I am just laughing at the blog title, it sounds like quite the easy read :) which begs the question, should I try harder to create catchy titles? I struggle with titles- I go with ones that do what they say on the tin rather than obtuse phrases hinting at the contents.. I tried being pedantic with this title but maybe I will add a few words at the end to make it more interesting. Anyhow, that is another conversation about the utter inaccessibility of highbrow art speak that I read in reviews and journals, which can be for another day..

I had been thinking as the week goes on about the way I make work- as a direct reaction to the extremities and intensities of parenting a kid with special needs. Often, there is little to no control over outcomes and zero control over how people react to your situation. You can only control your own behaviour and implement your own modus operandi. My performative output is influenced totally by the experience of parenting and caring- making physically strenuous actions which require control and willpower as a response to situations that cannot be controlled.

I wanted to bypass the reactive action to caring, so to speak, and instead embrace the caring action as the starting point. Try and explore caring as an action, rather than responding to the rigours of caring by doing some strenuous task. Use the modus operandi as the work!

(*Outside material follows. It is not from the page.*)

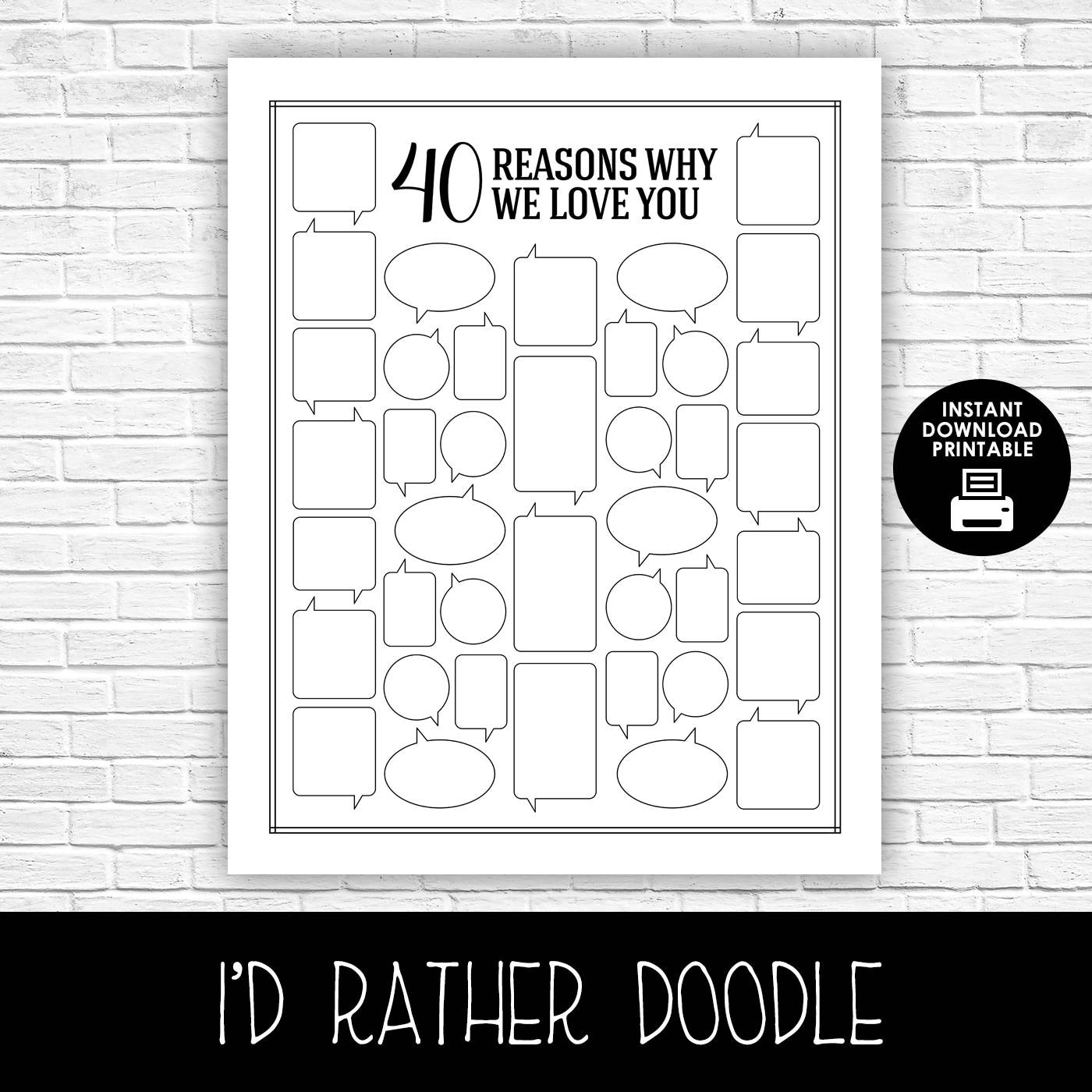 40 Reasons Why We Love You Free Printable Printable Templates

So the movements I worked with as my starting point are the movements I make every day many times over as my role of a carer, kneeling down to put on socks and shoes, sitting down to help with dressing, pulling out the support chair out to help them sit down and get back up, picking things up off the floor when they get dropped, walking up and down the house endlessly to fetch things.
kneeling, standing, sitting, reaching, pulling, walking.
I wanted to use these actions in a sequence to see how they felt to carry out, in a different context. So this is what they, the movement sequences, are about.
I went to the studio in glór, who are very good about letting me use their space when it is free. The studio is dark and has no windows, so for this reason I decided to make it even more dark and like a cave. I turned off the lights and put on a spot light.
I was having an anxious dark kind of morning when your thoughts crowd into your head and are like seagulls pecking at a piece of bread, if the bread was your mind..
So my head would not allow my body to move freely, I was only able to tell it to move, not allow it to. I had been discussing conscious and unconscious movement with my mentor Inma Pavon, the contemporary choreographer and Dancer, and I knew that today, making these actions, there would be no unconscious movement. My brain was too crowded with stuff for that to happen. Inma recommends certain exercises to do to help with this busy mind situation, so I need to start implementing these.
The first one encapsulated this idea of conscious movement. I thought of it as a response to not being able to allow myself to do anything else. Paralysed by over thinking. It happens and sometimes the only cure is the knowledge that your time is limited.
I like repetition and it features in my performance work. I am very interested in ‘the flow state’ defined by psychologist Mihaly Csikszentmihalyi. I am always amazed by how a flow state can be achieved through pushing yourself physically. I find by doing the movements repetitively to see what they yield, they always yield something. 

Also this one,

I messed with the graphics and cut out the background (and now they weirdly look a little like 11 in the upside down world pool scenes from stranger things ) as my intention was to remove all visual distractions from the scene. So it looks almost like a tutorial, or a memory. I will make more of these and see what they yield.